In an attempt to validate the association of these 13 variants discovered by the WES analyses, we next genotyped these 13 variants in an independent validation cohort of control patients (n = 231) and patients with stroke (n = 57), all of whom had not previously undergone exome sequencing. After statistical analyses, 2 of the 13 candidate variants were validated and maintained significant association with the risk for stroke in the validation cohort (Table 4). The 2 mutations were in the GOLGB1 (Y1212C) and ENPP1 (K173Q) genes, and both mutations are near an SNP identified by GWAS, within 127kb and 3kb, respectively (Table 3). When we measured linkage between the WES variants and proximal GWAS SNPs, there was strong linkage between GOLGB1 Y1212C and rs7623901 (D’=0.94), and between ENPP1 K173Q and rs7767502 (D’=0.97).

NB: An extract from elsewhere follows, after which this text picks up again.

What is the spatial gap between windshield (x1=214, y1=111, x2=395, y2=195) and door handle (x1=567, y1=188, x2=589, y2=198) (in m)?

The GOLGB1 Y1212C mutation is a naturally occurring variant with an MAF of 9.9% in our nonstroke patients with SCA and is associated with protection from stroke, similar to the coinheritance of α-thalassemia (Table 5).^15,29,30 This mutation appeared to have a dominant effect: the overall significance of this variant with a reduced risk for stroke in all patients with stroke (MAF, 2.8%; n = 177) vs all control patients (MAF, 9.9%; n = 335) was P < .0001, and the odds ratio was 0.27 (confidence interval [CI], 0.14-0.52). Compared with our nonstroke control patients, the mutation had a similar frequency in a cohort of African American adults without SCA (MAF, 8.8%; n = 94), whereas the mutation was significantly lower in an additional CSSCD cohort of patients with silent infarction (MAF, 3.1%; n = 48) and also in the STOP1 cohort of patients (MAF, 3.9%; n = 117) with abnormal TCD velocities (Table 6). These results highlight that this mutation appears to be protective against ischemic stroke but also may affect the overall development of cerebrovascular disease.

The ENPP1 K173Q mutation is also associated with protection from stroke and with a predicted dominant effect (Table 5). The overall significance of this K173Q variant with a reduced risk for stroke in all patients with stroke (n = 177; MAF, 14.4%) vs all control patients (n = 335; MAF, 25.8%) was P < .0001, and the odds ratio was 0.49 (CI, 0.35-0.69). In contrast to the Y1212C mutation in GOLGB1, no significant difference was observed in the frequency of the K173Q mutation in the CSSCD cohort of patients with silent infarctions (MAF, 27.1%; n = 48) or in the STOP1 cohort of patients with abnormal TCD velocities (MAF, 20.4%; n = 117), compared with our nonstroke control patients.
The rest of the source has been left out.